## Your instructions
Your answer must be exactly the lines from the one containing "Flat view of" through the end of the material, both ends included, without pictures.

Recorded information START

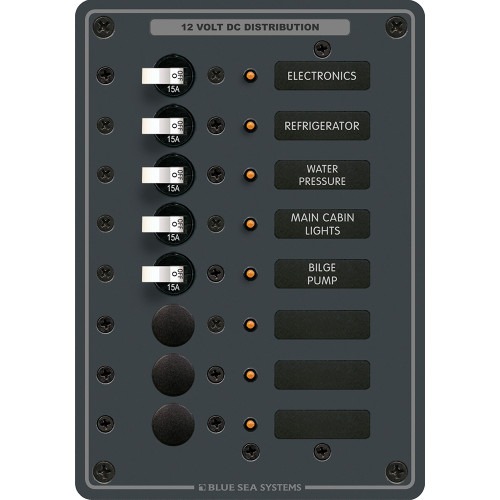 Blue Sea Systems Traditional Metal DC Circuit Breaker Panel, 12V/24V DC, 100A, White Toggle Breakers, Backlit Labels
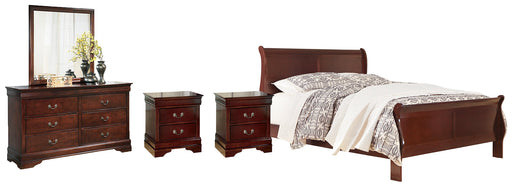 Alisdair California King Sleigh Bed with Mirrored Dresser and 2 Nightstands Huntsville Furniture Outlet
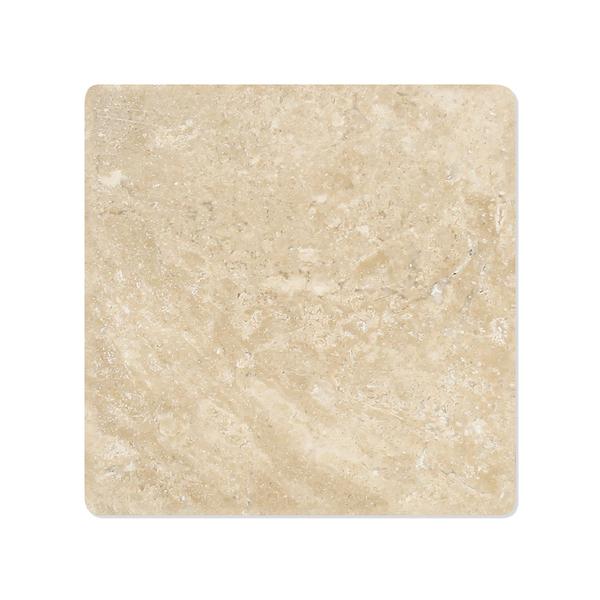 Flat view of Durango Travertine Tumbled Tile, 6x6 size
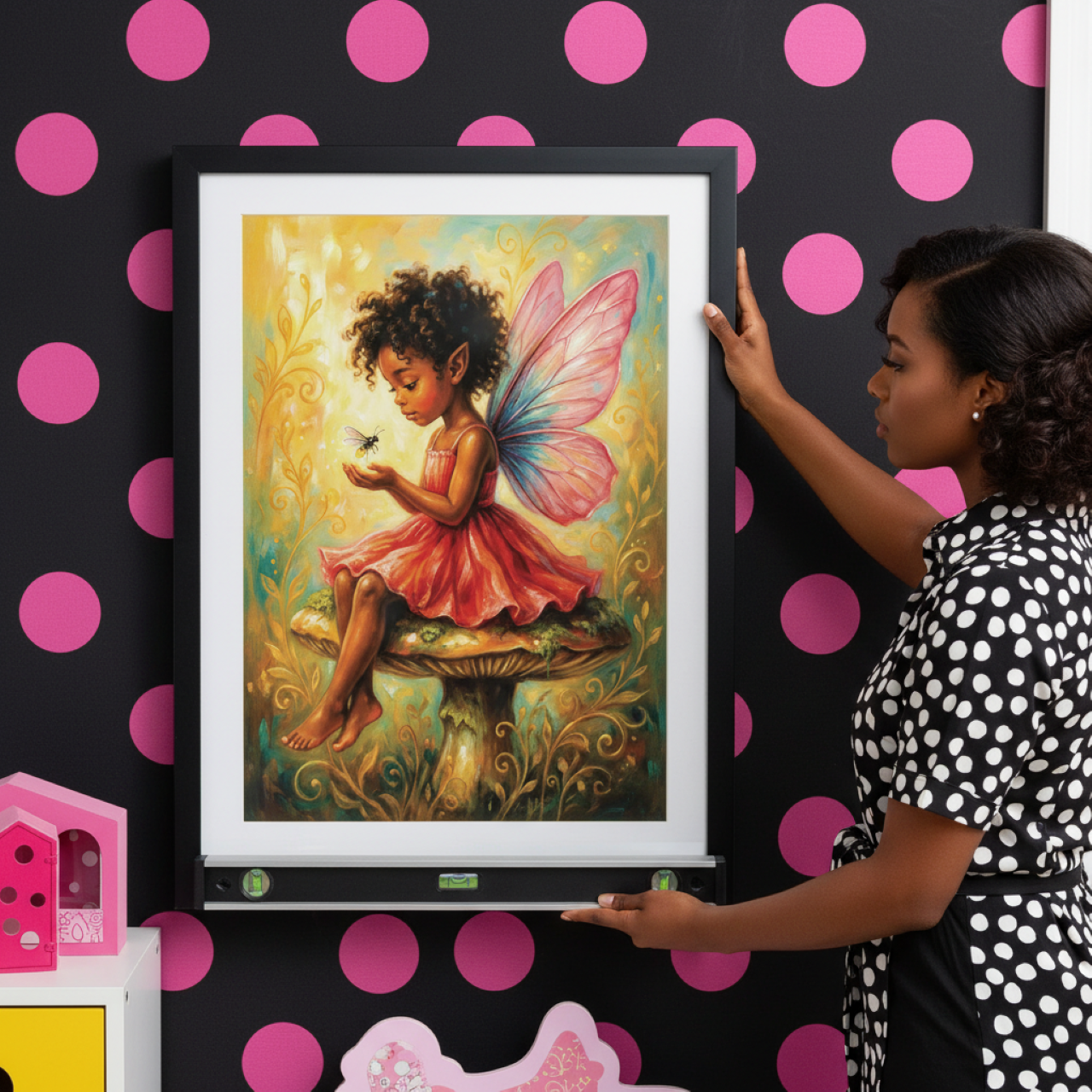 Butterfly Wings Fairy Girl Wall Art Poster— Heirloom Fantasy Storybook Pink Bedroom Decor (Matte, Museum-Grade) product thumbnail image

Recorded information END

## Solution for this exercise
 Flat view of Durango Travertine Tumbled Tile, 6x6 size
 Butterfly Wings Fairy Girl Wall Art Poster— Heirloom Fantasy Storybook Pink Bedroom Decor (Matte, Museum-Grade) product thumbnail image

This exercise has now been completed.